(О поэзии Андрея Шацкова)

Когда о моём любимейшем поэте Андрее Шацкове говорят, что он последний осколок Серебряного Века, я отвечаю словами Станиславского: -Не верю!

Последним осколком Серебряного века был — Георгий Иванов! А филогенетика Андрея Шацкова совсем иная. Она уже идёт,говоря словами Анны Ахматовой, от, не календарного двадцатого века, начавшегося в аккурат с 1914-го года. А он был и — железным, и медным, и дубовым, и земляным, и кровавым, а так же -и жемчужным, и платиновым, и — алмазным. Больше всего в стихах Андрея Шацкова меня, как последовательного смогиста, поражают его метафорические узоры и орнаменты, идущие от Великого Клюева и Есенина, прежде всего — Есенина «Исповеди хулигана», «Чёрного человека», «Сорокоуста» и «Пугачёва». И здесь он смыкается — с одной стороны с поэтами имажинистами, прежде всего с тем же Есениным, Кусиковым, Мариенгофом, Шершеневичем, а с другой — с такими крестьянскими поэтами, как Сергей Клычков и Пётр Орешин.

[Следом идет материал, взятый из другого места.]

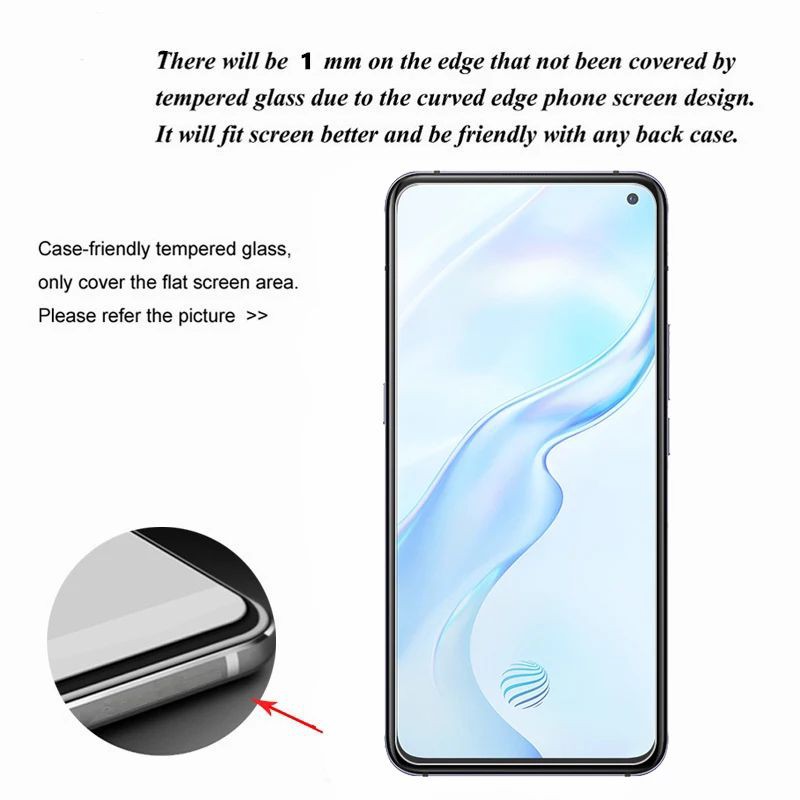 2in1 Tempered Glass Oppo Reno 4 - TG Anti Gores Layar Kamera Oppo Reno4 Full Layar Screen Protector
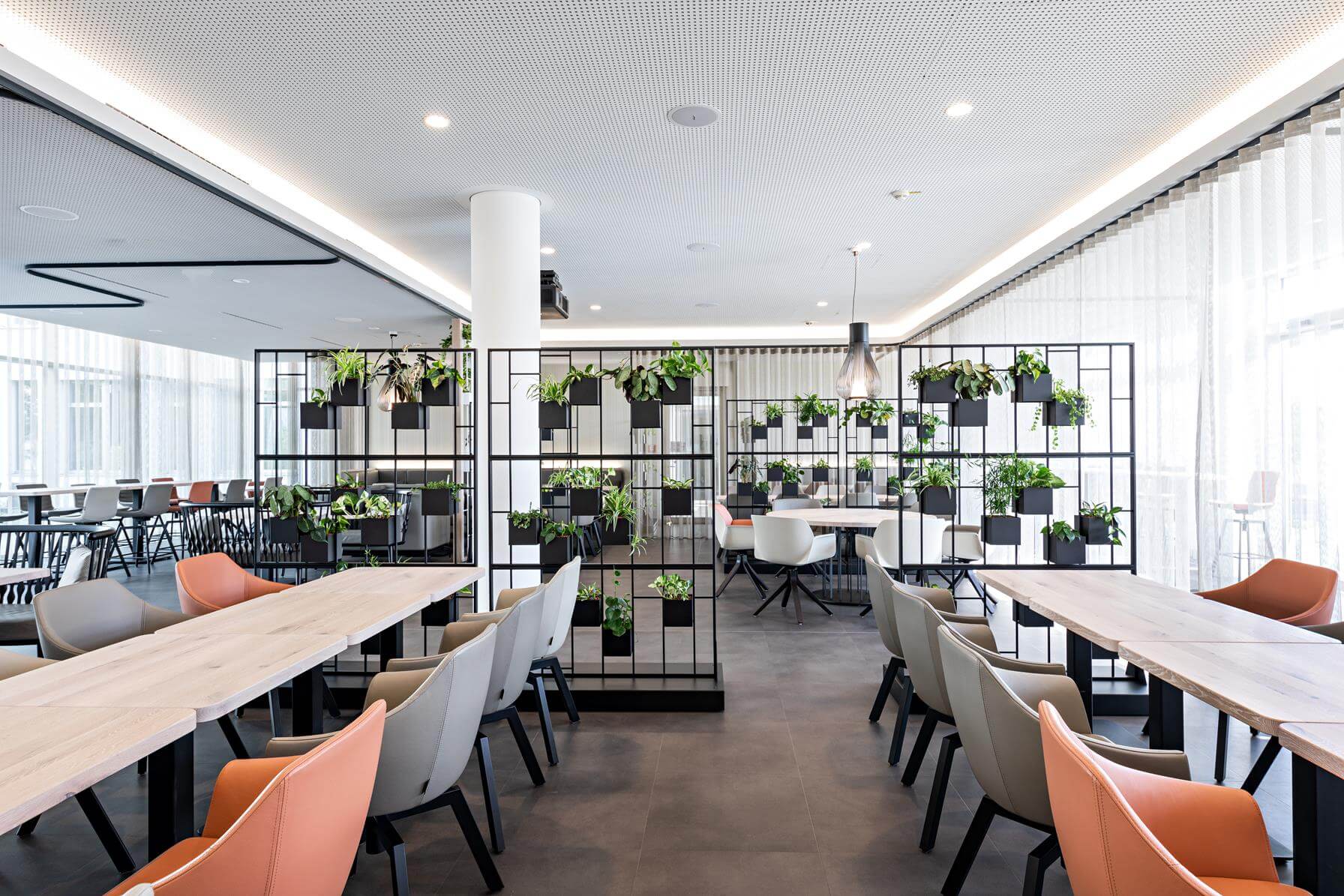 kantine betriebstrestaurant münchen interior design restaurant durch formwaende innenarchitektur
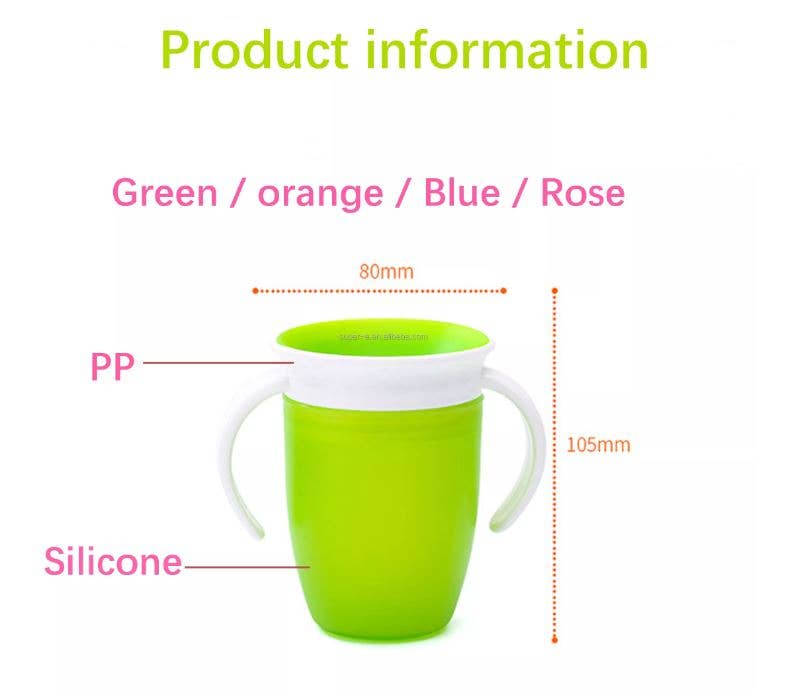 Mix Match Colors Baby Learning Drinking Cup 360 Degree Non Spill Trainer for wholesale on Faire2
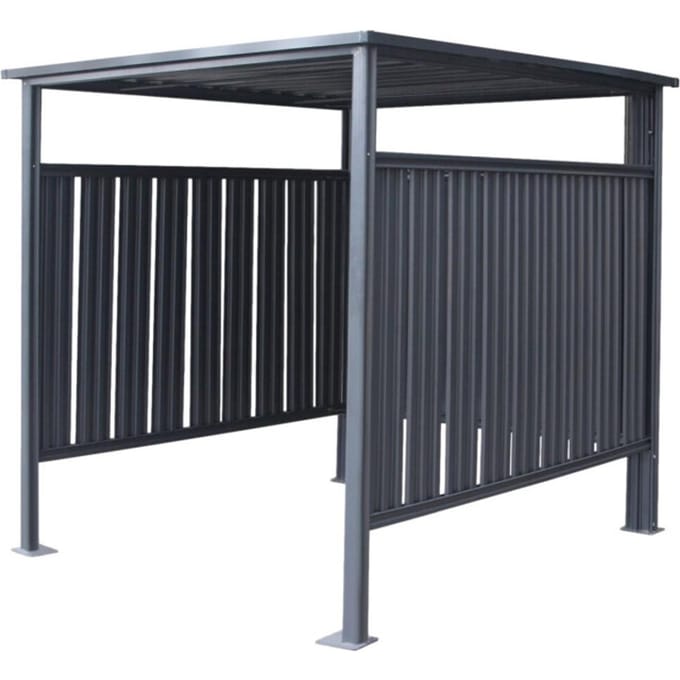 Westmann SI03000 Fietsoverkapping - Stalen Fietsenstalling/Rookruimte met Poedercoating - 180x200x210 cm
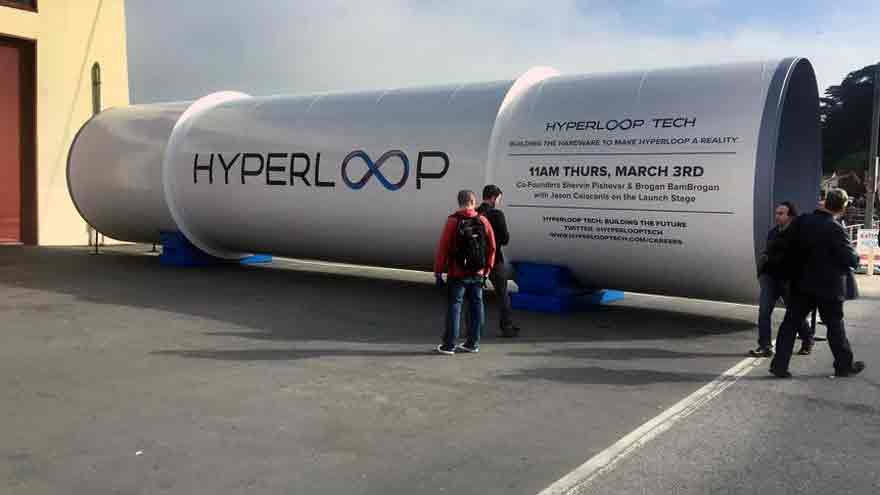 Prototipo del Hyperloop.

И — уже ближе к нашему времени, пересекается с поэтами смогистами: Леонидом Губановым, Юрием Кублановским, Владимиром Алейниковым и Владимиром Батшевым, живущим сейчас в Германии и очень ценящим поэзию Шацкова. И всё это потому, что и Клюев, и Есенин, и крестьянские поэты, и имажинисты, и наследующие им смогисты, — черпали из таких Великих Бездонных колодцев, как «Слово о Полку», «Калевала», «Песнь Песней», а так же из русских былин и песен. Само слово СМОГ расшифровывается, как: Смелость, Мысль, Образ, Глубина. А у Шацкова прослеживается ярко выраженное метафорическое мышление. Но мысль у него всегда соседствует с образом. Мой покойный учитель, кстати, — тоже очень любивший стихи Шацкова, прекрасный поэт Александр Коренев писал: — Нет в поэзии случайных тем, потому что образ больше мысли! — Но у Шацкова — и образ и мысль работают на равных, и получается этакий, сильно заряжённый энергетикой Земли, мыслеобраз, проникающий на самые глубины читательского подсознания. Они, если так можно сказать, написаны — Чернозёмом подкорки. Отсюда их сакральность для российского читателя, в какой бы части Света он не жил. Кстати, метафоры Шацкова, даже двадцатилетней давности, живут и здравствуют до сих пор, в отличие от умозрительных и вымученных псевдометафор многих, так называемых поэтов-метафористов, из которых в последние застойные годы пытались сделать искусственный «совковый » авангард.

Что же касается концептуально-философской составляющей поэзии Шацкова, то она по-доброму — Евразийская, идущая от Алексея Константиновича Толстого, а так же всех трёх Аксаковых. В его стихах, буквально как река в разливе, разлита старо-московская доброта и широта. Недаром, мой друг, живущий сейчас в Италии, блестящий лингвист Сергей Григорьев, говорил, что мало у кого встречал такое чудное московское произношение, как у Шацкова. И, напоследок, не откажу себе в удовольствии процитировать некоторые, наиболее любимые мной строки и строчки Шацкова, говорящие сами за себя. А именно: «Сугробов белые колени загнула вьюга у крыльца.», «Мир жесток, как испитый палач.», «Зрел март, всходя опарою сугроба», «Божьи руки над Русью раздвинули занавески пасхальной зари», «На склоне змеёй ускользнувшего дня — Лукавый проснулся», «И рванула подвздошная жила, как весною заплот у пруда», «Белы снеги, словно горностаи, запорошат нашу старину», «И всё рыжее рощ осенних — лис».

Здесь, как говорится, не прибавить, не убавить.